Seven games left. A league table that is perilously tight, and a playoff race that seems certain to go right down to the final weeks, and possibly minutes of the season.
As Sunderland were left to reflect on a bittersweet afternoon at Sincil Bank, during which several players shone and we often played some lively, positive football, the only fact that really mattered was that, through a mixture of wastefulness & a sliver of misfortune, we allowed two precious points to slide away from us.
Since his arrival at the club, Alex Neil has wasted no time in placing the emphasis on results rather than aesthetics, but this was a classic example of the other side of the coin, where a team ticks every box except for the most important one: capitalising on chances created and ensuring that you don’t leave the field wondering about what might have been.
After turning in one of our worst performances of the season and being soundly beaten by Lincoln when they came to the SOL, this was a chance to put that memory to bed and keep ourselves ahead of the chasing pack.
Instead, it turned into an echo of the 0-0 against Charlton, a result you might file under ‘decent away point’ if we were only midway through the season, but at this stage, felt like another missed opportunity.
Pre-match, the standout point was the omission of Jay Matete from the starting XI, as Dan Neil was brought back into to partner Corry Evans, and to say it was baffling would be an understatement. Matete would surely have been the perfect foil for Dan Neil in the middle of the park, having shown some impressive qualities during his short time at the club so far, but evidently, the boss saw things differently.
How Sunderland failed to score in the first half is a question that Alex Neil may well ponder for some time, as he continues to grapple with the balance between defensive solidity & attacking prowess. There is no doubt that the standard of performance, overall, was higher than in recent matches, but finding the right balance is not easy, with so little time left.
With a three-man central defence looking solid, and Patrick Roberts and Jack Clarke forming what looked like an exciting attacking trio either side of Ross Stewart, the first forty-five minutes could’ve seen us essentially out of sight, were it not for a glaring lack of composure at crucial moments.
There was much to admire in terms of build-up, as the likes of Dennis Cirkin were given license to push forward and stretch the home team, but, as was the case when we visited The Valley, the killer touch was missing.
The impressive Jack Clarke, in particular, spurned two or three glorious chances, as the Lincoln goal was somehow not breached, and Patrick Roberts almost prodded home the opener from a Clarke cross as we hammered on the door. Chances also came and went for Luke O’Nien and Ross Stewart, but to no avail, as we headed for the interval at 0-0.

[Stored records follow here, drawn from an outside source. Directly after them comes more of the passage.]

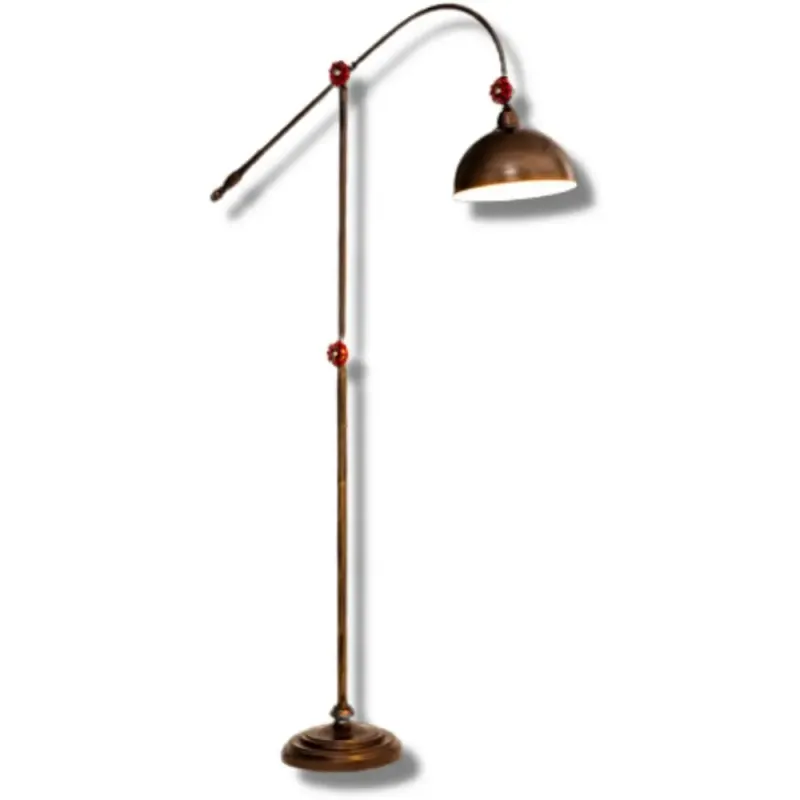 Lampe Industrielle Sur Pied Cuivre
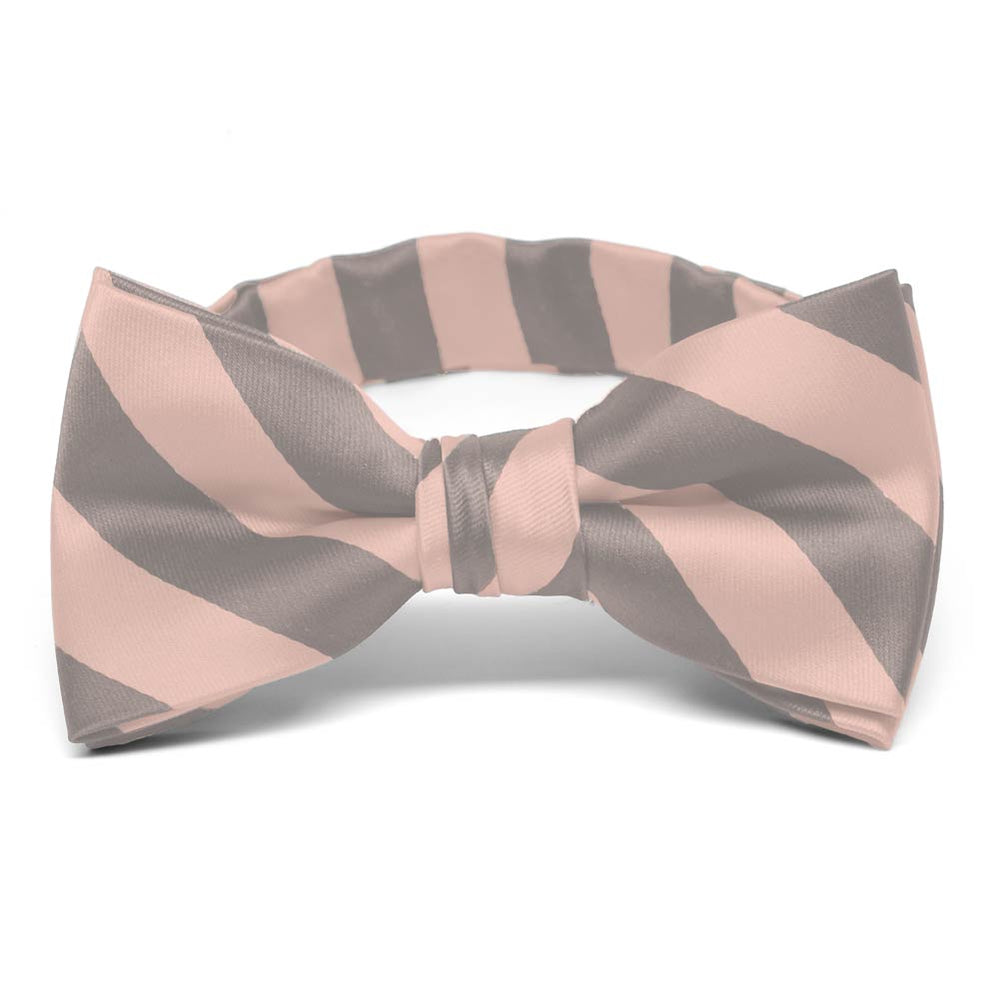 Boys' Petal and Portobello Striped Bow Tie
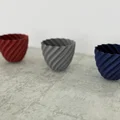 Bình hoa in 3D Elliptical Sin Vase tinh tế, dễ in cho mọi không gian - Thumbnail 2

The second half followed largely the same pattern as the first, as we continued to probe & play with purpose, but without managing to convert it into a lead. Lincoln seldom threatened themselves, but Anthony Patterson showed plenty of alertness to produce a superb save from a Liam Cullen header, having been relatively untroubled beforehand.

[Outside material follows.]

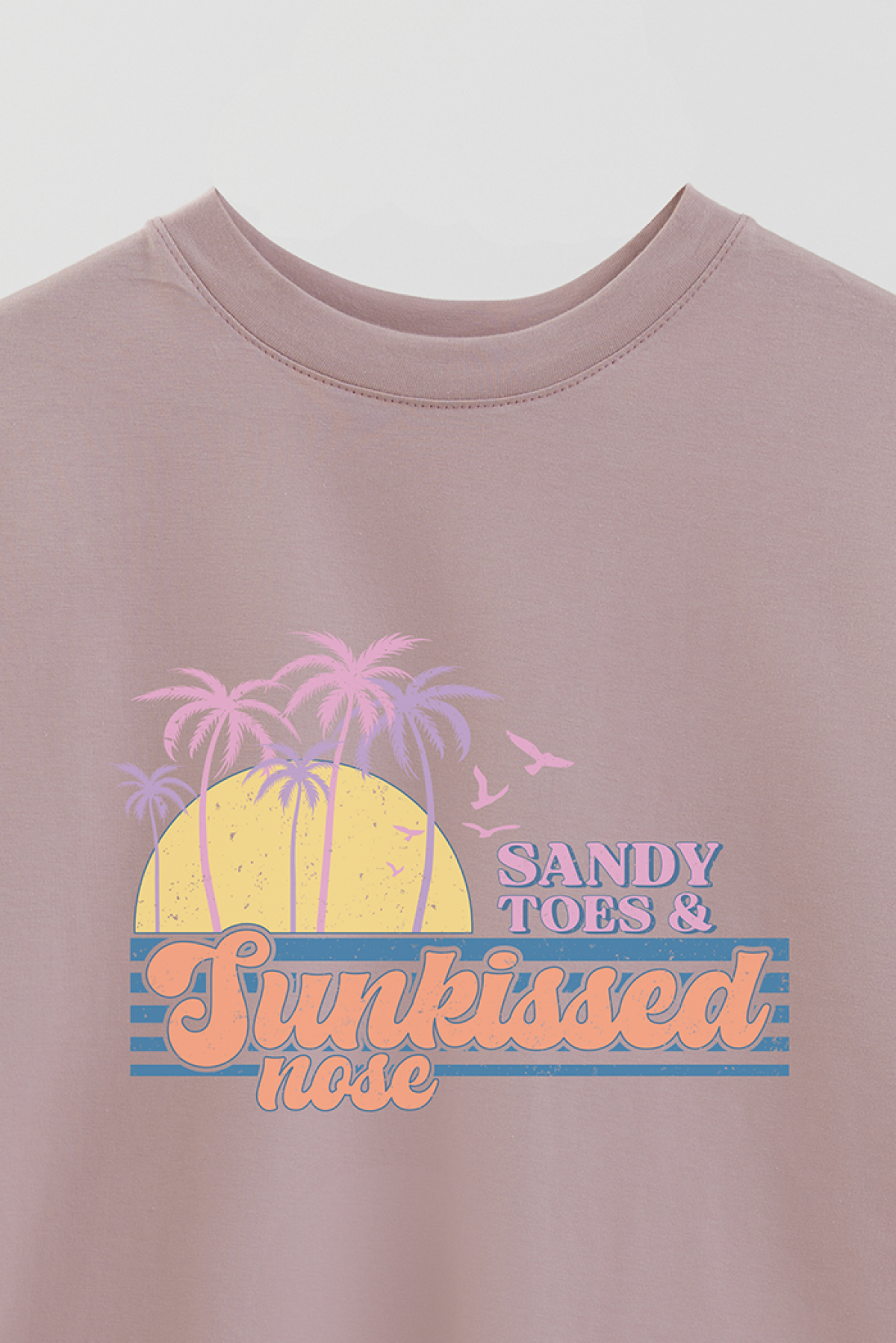 REMERA OVER ESTAMPADA SM2 SANDY TOES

The near-miss theme of the afternoon was encapsulated by a stunning save that Jordan Wright was able to pull off, as he dived full-length to prevent a Stewart header from nestling in the bottom corner as the game headed towards its conclusion, which had been preceded by a Jermain Defoe shot that went wide after a lovely pass from Roberts.
These were chances that really seemed to sum up our afternoon: close, but not quite close enough, and as the final whistle blew, there was a sense of relief that the teams around us hadn’t upheld their end of the bargain, leaving us in 6th place at the close of play.
There were certainly some positives to take away from this game, despite the fact that it ended in a stalemate.
Roberts and Clarke are certainly showing their worth following their January arrivals, and could well be first-choice selections for the remaining games; Anthony Patterson is looking like an increasingly secure presence in goal, and it was good to see Callum Doyle get a run-out, albeit in the briefest of cameos towards the end.
With no game next weekend, we now find ourselves in a state of limbo ahead of Gillingham’s visit to Wearside on April 2nd.
At the moment, it looks like one from three between ourselves, Sheffield Wednesday, and Wycombe who are vying for that fourth playoff spot, and the pressure on the remaining fixtures, particularly at home, is going to be huge.
Let’s hope that our new-found resilience can hold steady, because we will certainly need every ounce of it when we resume our league campaign after a weekend off.